Moby-Duck
- Cover of US edition
- Author: Donovan Hohn
- Language: English
- Subject: Friendly Floatees; Ocean currents; Marine debris
- Genre: Non-fiction
- Publisher: Viking
- Publication date: March 2011
- Publication place: United States
- Pages: 478
- ISBN: 978-0-670-02219-9
- Dewey Decimal: 551.462
- LC Class: GC231.2.H65 2010

= Moby-Duck =

Book by Donovan Hohn on the Friendly Floatees

Moby-Duck: The True Story of 28,800 Bath Toys Lost at Sea and of the Beachcombers, Oceanographers, Environmentalists, and Fools, Including the Author, Who Went in Search of Them is a book by Donovan Hohn concerning 28,800 plastic ducks and other toys, known as the Friendly Floatees, which were washed overboard from a container ship in the Pacific Ocean on 10 January 1992 and have subsequently been found on beaches around the world and used by oceanographers including Curtis Ebbesmeyer to trace ocean currents.

The book was published in the United States in March 2011 by Viking (ISBN 978-0670022199) and in the UK in February 2012 by Union Books (ISBN 978-1908526007) with a shorter subtitle: Moby-Duck: The True Story of 28,800 Bath Toys Lost at Sea.
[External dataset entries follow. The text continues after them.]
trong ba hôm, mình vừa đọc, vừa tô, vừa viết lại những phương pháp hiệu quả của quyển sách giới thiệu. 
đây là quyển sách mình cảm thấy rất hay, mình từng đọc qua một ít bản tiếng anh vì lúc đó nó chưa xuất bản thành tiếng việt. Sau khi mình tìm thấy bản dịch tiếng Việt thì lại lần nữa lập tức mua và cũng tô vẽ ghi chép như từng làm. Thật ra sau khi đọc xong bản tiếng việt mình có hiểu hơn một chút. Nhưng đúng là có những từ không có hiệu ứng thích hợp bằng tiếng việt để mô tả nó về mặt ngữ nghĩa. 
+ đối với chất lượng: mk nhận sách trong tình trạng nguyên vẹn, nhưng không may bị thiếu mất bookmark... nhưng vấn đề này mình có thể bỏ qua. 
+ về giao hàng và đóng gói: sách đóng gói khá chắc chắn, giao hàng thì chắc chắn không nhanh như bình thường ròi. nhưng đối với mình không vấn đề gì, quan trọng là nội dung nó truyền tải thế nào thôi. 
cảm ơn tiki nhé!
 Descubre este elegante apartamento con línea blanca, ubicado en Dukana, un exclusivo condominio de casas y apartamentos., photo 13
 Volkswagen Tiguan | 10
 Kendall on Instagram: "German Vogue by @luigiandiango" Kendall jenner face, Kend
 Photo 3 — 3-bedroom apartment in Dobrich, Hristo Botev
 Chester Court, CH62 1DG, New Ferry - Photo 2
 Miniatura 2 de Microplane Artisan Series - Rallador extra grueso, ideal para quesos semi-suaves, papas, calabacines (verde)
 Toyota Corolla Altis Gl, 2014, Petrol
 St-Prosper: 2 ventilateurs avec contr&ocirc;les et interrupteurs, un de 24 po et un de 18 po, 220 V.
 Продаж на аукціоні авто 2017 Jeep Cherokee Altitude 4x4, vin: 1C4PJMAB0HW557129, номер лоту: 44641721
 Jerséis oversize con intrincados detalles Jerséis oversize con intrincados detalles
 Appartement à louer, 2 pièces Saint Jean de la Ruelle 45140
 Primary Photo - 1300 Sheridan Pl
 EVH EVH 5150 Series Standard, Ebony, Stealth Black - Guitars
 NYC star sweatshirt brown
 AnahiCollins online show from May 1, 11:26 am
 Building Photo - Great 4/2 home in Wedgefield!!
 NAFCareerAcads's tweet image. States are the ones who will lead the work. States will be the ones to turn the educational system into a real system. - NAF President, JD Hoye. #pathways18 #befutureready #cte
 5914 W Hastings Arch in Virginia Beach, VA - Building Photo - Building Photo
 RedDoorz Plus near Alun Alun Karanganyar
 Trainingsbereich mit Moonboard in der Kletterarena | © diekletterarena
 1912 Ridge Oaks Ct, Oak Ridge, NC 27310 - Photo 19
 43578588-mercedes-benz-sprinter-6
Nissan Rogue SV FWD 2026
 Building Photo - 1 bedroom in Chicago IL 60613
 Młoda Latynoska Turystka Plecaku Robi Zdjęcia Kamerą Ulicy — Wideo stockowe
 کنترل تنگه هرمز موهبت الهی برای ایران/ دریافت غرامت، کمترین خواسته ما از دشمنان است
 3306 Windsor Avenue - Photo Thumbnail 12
It was noted by The New York Times as one of the 100 Notable Books of 2011, shortlisted for the 2012 Helen Bernstein Book Award for Excellence in Journalism, runner-up of the 2012 PEN/E. O. Wilson Literary Science Writing Award and runner-up of the 2013 PEN/John Kenneth Galbraith Award.

The title is a reference to Herman Melville's classic seafaring novel Moby-Dick.